══ Recorded data ══

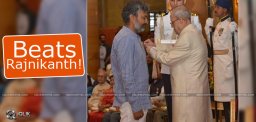 rajamouli-attire-at-padma-awards-ceremony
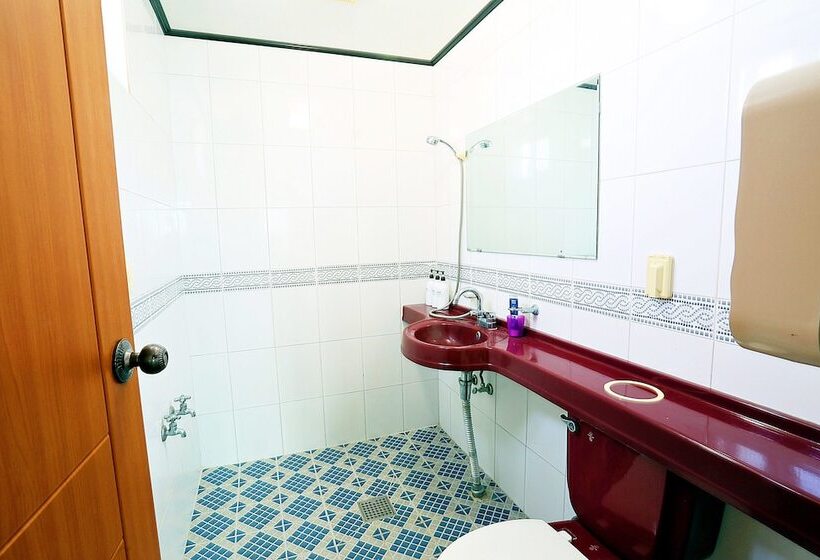 פנסיון Jeju Beach House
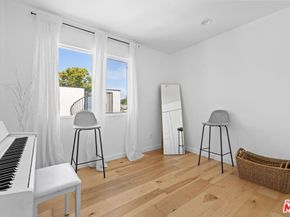 3170 Glenmanor Place, Los Angeles CA 90039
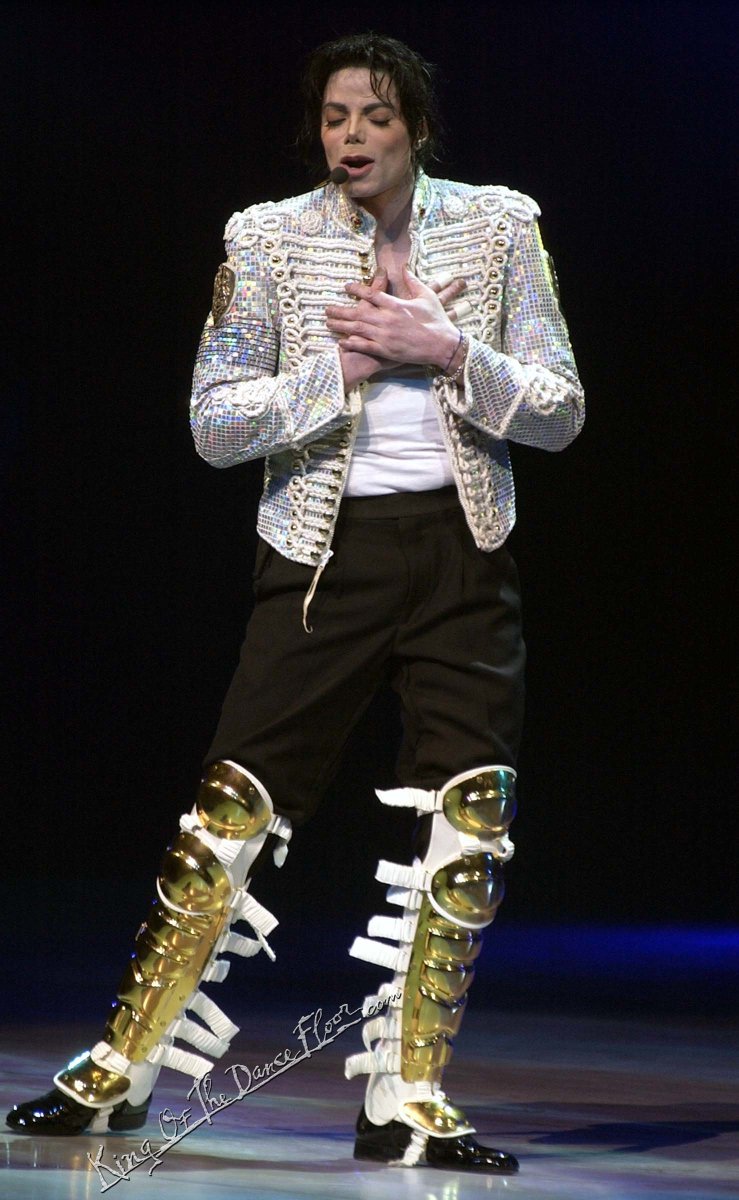 Mjfollower777 On Twitter Today In 2002 Michael Jackson Performed Three Songs At An Event Called A Night At The Apollo Held At The Apollo Theater In New York The Event Was Held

═══

Action item –
Reproduce the material exactly. Pictures stay out.

Written answer –
 rajamouli-attire-at-padma-awards-ceremony
 פנסיון Jeju Beach House
 3170 Glenmanor Place, Los Angeles CA 90039
 Mjfollower777 On Twitter Today In 2002 Michael Jackson Performed Three Songs At An Event Called A Night At The Apollo Held At The Apollo Theater In New York The Event Was Held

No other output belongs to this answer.